Question

Find the LCM of
 $ 8{\text{ and 10}} $

Answer 1

Hint: To solve this problem, first we will find the prime factors of all the three given numbers. Then will observe the resultant factors and note down the common factors from all the three numbers. Here, we will find factors directly since the given two numbers are very small.

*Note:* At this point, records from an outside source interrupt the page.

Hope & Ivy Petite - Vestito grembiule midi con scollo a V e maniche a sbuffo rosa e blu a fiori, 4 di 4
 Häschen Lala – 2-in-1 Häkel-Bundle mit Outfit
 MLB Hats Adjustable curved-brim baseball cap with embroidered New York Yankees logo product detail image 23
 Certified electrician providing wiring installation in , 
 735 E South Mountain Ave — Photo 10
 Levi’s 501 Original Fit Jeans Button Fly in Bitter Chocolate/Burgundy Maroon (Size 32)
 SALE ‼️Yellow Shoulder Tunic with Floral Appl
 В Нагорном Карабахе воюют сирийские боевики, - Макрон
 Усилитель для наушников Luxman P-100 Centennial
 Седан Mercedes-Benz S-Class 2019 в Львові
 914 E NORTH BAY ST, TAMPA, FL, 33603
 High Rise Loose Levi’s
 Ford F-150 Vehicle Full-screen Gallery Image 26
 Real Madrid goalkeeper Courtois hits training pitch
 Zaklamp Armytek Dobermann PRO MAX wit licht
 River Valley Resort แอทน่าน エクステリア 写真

Complete step-by-step answer:
In this prime factorization method, first we will find the factors of the given numbers by a division method where you have to start dividing the number with least prime numbers till the further division is not possible. Gradually try to divide the number first by $ 2 $ then $ 3,5,7,11 $ and so on...
By prime factorization-
 $ 8 = 2 \times 2 \times 2\;{\text{ }}....{\text{ (a)}} $
Similarly, prime factors for
 $ 10 = 2 \times 5\;{\text{ }}....{\text{ (b)}} $
Now, by observing the above two equations, we can see that factor $ 2 $ is common in both the equations. So, LCM is writing common factors and then the product of other factors.
$\Rightarrow$ LCM $ = 2 \times 2 \times 2 \times 5 $
$\Rightarrow$ LCM $ = 40 $

Note: Here, we have written prime factors directly since given numbers are very small but in case of large numbers use the division method or the prime factor tree method to get the prime numbers. Remember basic multiples of the numbers till twenty for an accurate and efficient solution. Common mistakes happen between the application of HCF and LCM concepts. Remember the basic difference between the HCF (Highest common factor) and LCM (Least common multiple) to solve these types of sums and apply accordingly. HCF is the greatest or the largest common factor between two or more given numbers whereas the LCM is the least or the smallest number with which the given numbers are exactly divisible.